Non-trivial probability distributions for priors and Occam's razor

post by JoshuaZ · 2011-01-11T03:59:28.947Z · LW · GW · Legacy · 22 comments

Contents

22 comments

Assume we have a countable set of hypotheses described in some formal way with some prior distribution such that 1) our prior for each hypothesis is non-zero 2) our formal description system has only a finite number of hypotheses of any fixed length. Then, I claim that that under just this set of weak constraints, our hypotheses are under a condition that informally acts a lot like Occam's razor. In particular, let h(n) be the the probability mass assigned to "a hypothesis with description at least exactly n is correct." (ETA: fixed from earlier statement) Then, as n goes to infinity, h(n) goes to zero. So, when one looks in the large-scale complicated hypotheses must have low probability. This suggests that one doesn't need any appeal to computability or anything similar to accept some form of Occam's razor. One only needs that one has a countable hypothesis space, no hypothesis has probability zero or one, and that has a non-stupid way of writing down hypotheses.

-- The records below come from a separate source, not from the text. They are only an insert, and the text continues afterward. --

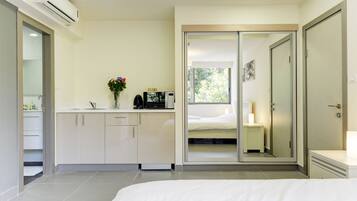 A modern bedroom with a large bed, a built-in wardrobe, a vanity with a mirror, and a small kitchenette area.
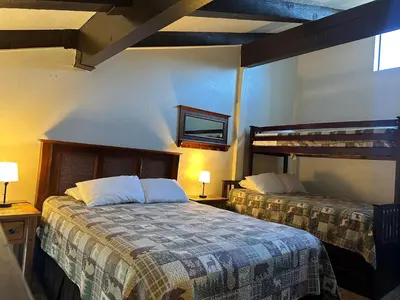 a hotel room with two beds and a window at (A203) Loft Condominiums in Yosemite West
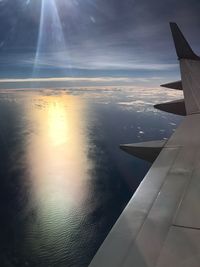 Scenic view of airplane wing over sea against sky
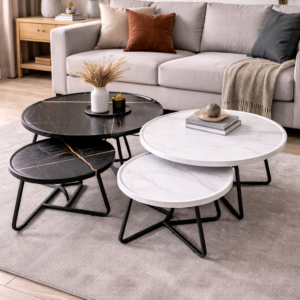 Wooden nesting tables with modern design and metal legs arranged in a stylish living room setup.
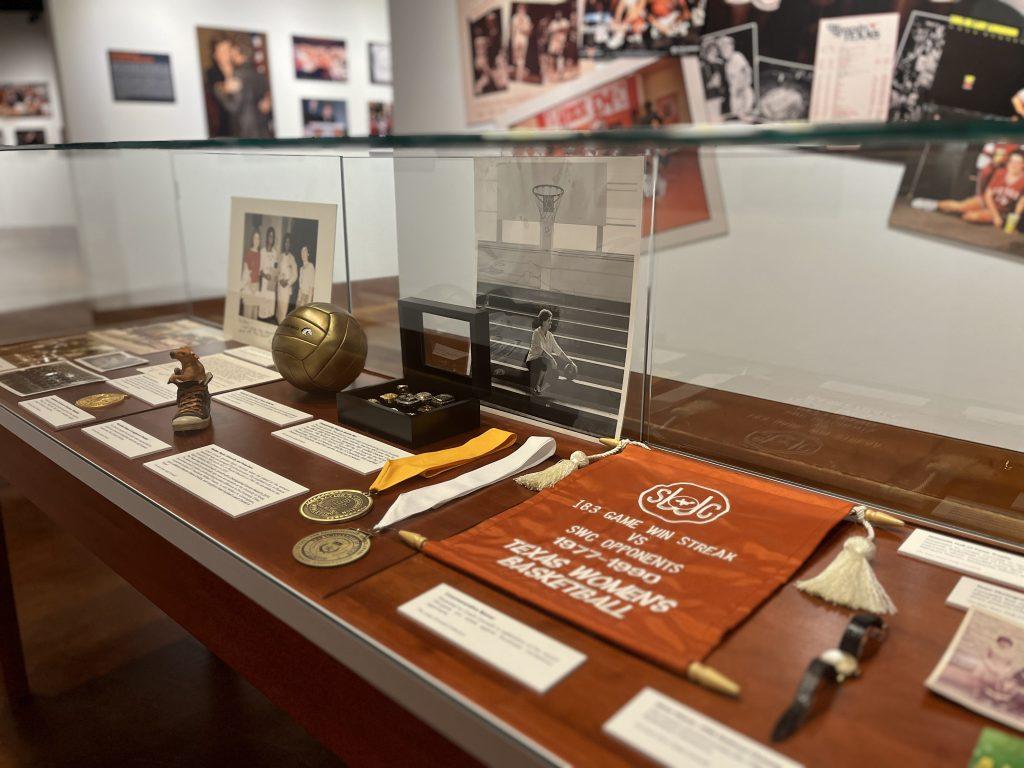 A photo of a table style display case in which several small artifacts from Jody Conradt's personal collection are on display. A burnt orange banner, two medals, photo prints, a jewelry box, a small volleyball, and more.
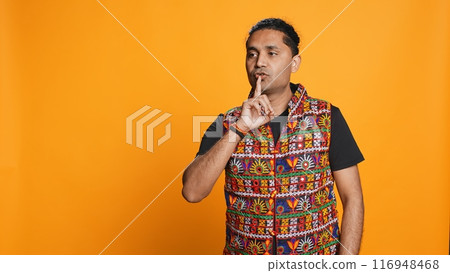 Annoyed indian man doing shushing hand gesturing, irritated by noise, having negative mood. Person placing finger on lips, doing quiet sign gesture, studio background, camera B 116948468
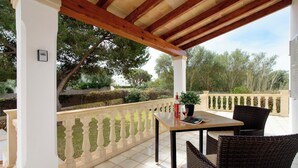Eine überdachte Terrasse mit Tisch und Stühlen, einem Blumentopf und Blick auf Bäume sowie ein Gebäude im Hintergrund.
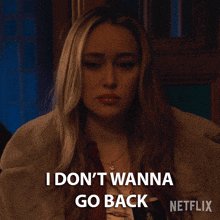 The image features a woman with blonde hair wearing a brown coat sitting down. The caption reads "I DON'T WANTNA GO BACK netflix", which seems to be a reference to a popular streaming platform like Netflix, where people often watch movies or TV shows for entertainment purposes.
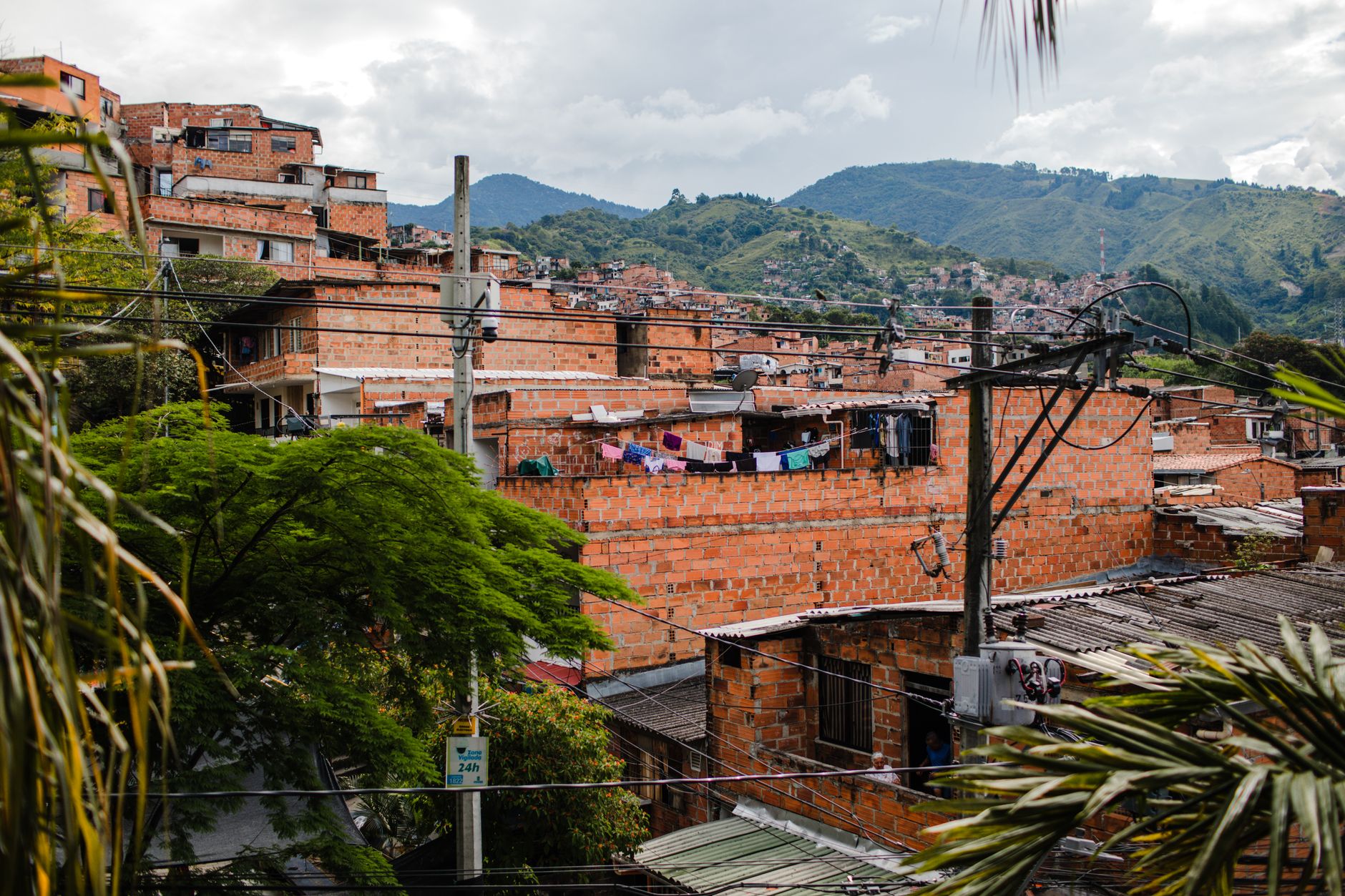 Medellín residential neighborhood mountains — Medellín Laureles vs El Poblado cost comparison for Colombia expat budget 2026
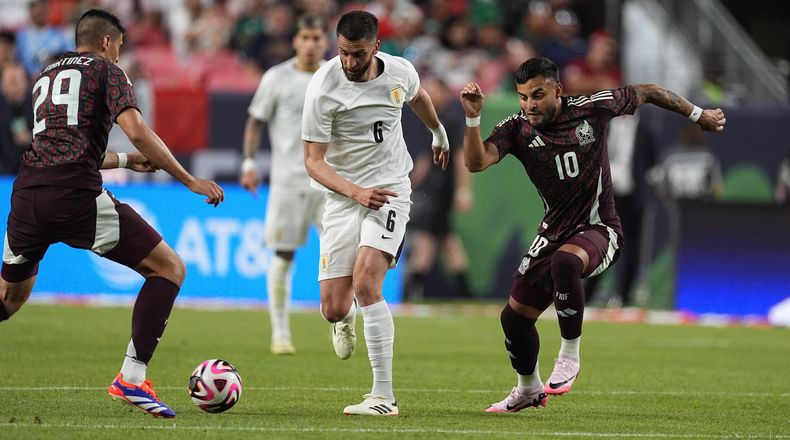 El volante uruguayo Rodrigo Bentancur (centra) esquiva a los mexicanos Guillermo Martínez (izquierda) y Alexis Vega durante un partido amistoso, el miércoles 5 de junio de 2024, en Denver. (AP Foto/David Zalubowski)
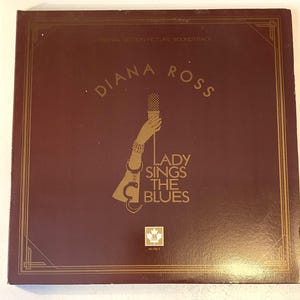 May include: A burgundy vinyl record album cover with gold lettering. The album cover features a woman's hand holding a microphone and a gold handcuff. The album title is "Diana Ross Lady Sings The Blues".
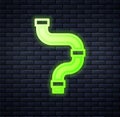 Glowing neon Industry metallic pipe icon isolated on brick wall background. Plumbing pipeline parts of different shapes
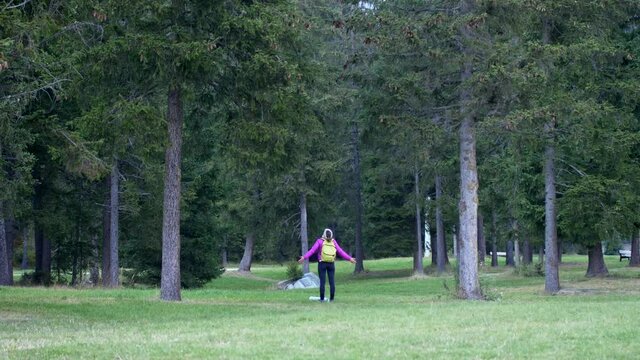 Girl with open arms feels the energy of nature. Mountain forest. Video 4K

A few questions: 1) Am I correct in seeing this as Occam-like or is this just an indication that I'm using too weak a notion of Occam's razor?   

2) Is this point novel? I'm not as familiar with the Bayesian literature as other people here so I'm hoping that someone can point out if this point has been made before.

ETA: This was apparently a point made by Unknowns in an earlier thread which I totally forgot but probably read at the time. Thanks also for the other pointers.

 

22 comments

Comments sorted by top scores.

comment by Zack_M_Davis · 2011-01-11T04:49:36.578Z · LW(p) · GW(p)

Is this point novel?

Compare Rob Zahra's April 2009 comment.

Replies from: cousin_it
comment by cousin_it · 2011-01-11T05:29:01.654Z · LW(p) · GW(p)

Thanks, that's a very good overview that I haven't seen before.

comment by Unnamed · 2011-01-11T05:22:17.693Z · LW(p) · GW(p)

A Proof of Occam's Razor

Replies from: JoshuaZ
comment by JoshuaZ · 2011-01-11T05:26:34.816Z · LW(p) · GW(p)

Oh doh! I even posted in that thread. I have zero recall of reading that but I see comments made by me in the thread so I must have read it...gah. Now I feel silly.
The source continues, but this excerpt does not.